Now, since attributes are compiled just before runtime, in the CHECK phase, our debugging output will only be sent to STDERR once. For the code above, we might get output like this:

        DEBUG: main GLOB(0x523d8) CODE(0x2e758) debug  CHECK
           Casey  Dad
        Chastity  Mom
         Evelina  Kid
        Coffee  Oily
          Cola  Fizzy

That debug string represents some of the information we get in an attribute subroutine. The first argument is the name of the package the attribute was declared in. Next is a reference to the symbol table entry for the subroutine, followed by a reference to the subroutine itself. Next comes the name of the attribute, followed by any data associated with the attribute (none in this case). Finally, the name of the phase that invoked the handler passed.

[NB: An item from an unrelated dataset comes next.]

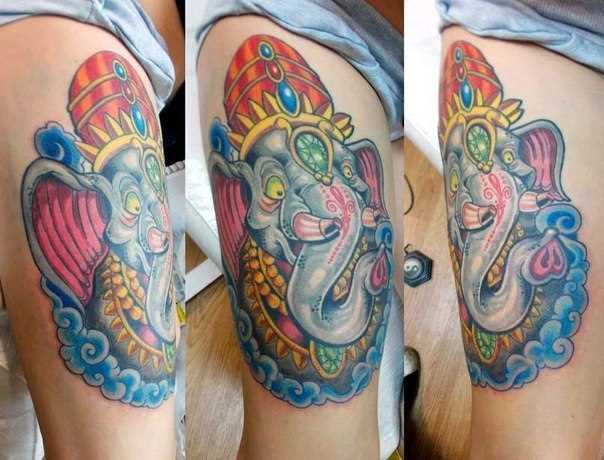 Tatuagem na coxa da menina - elefante Ganesh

At this point, our debugging attribute isn’t useful, but the parameters we are given to work with are promising. We can use them to invoke debugging output each time the subroutine is called. Put on your hard hat, this is where things get interesting.

First, let us take a look at how we want to debug our subroutine. I think we’d like different levels of debugging output. At the lowest level (1), the name of the subroutine being invoked should be sent to STDERR. At the next level (2), it would be nice to be notified of entry and exit of the subroutine. Going further (level 3), we might want to see the arguments passed to the subroutine. Even more detail can be done, but we’ll save that for later and stop at three debug levels.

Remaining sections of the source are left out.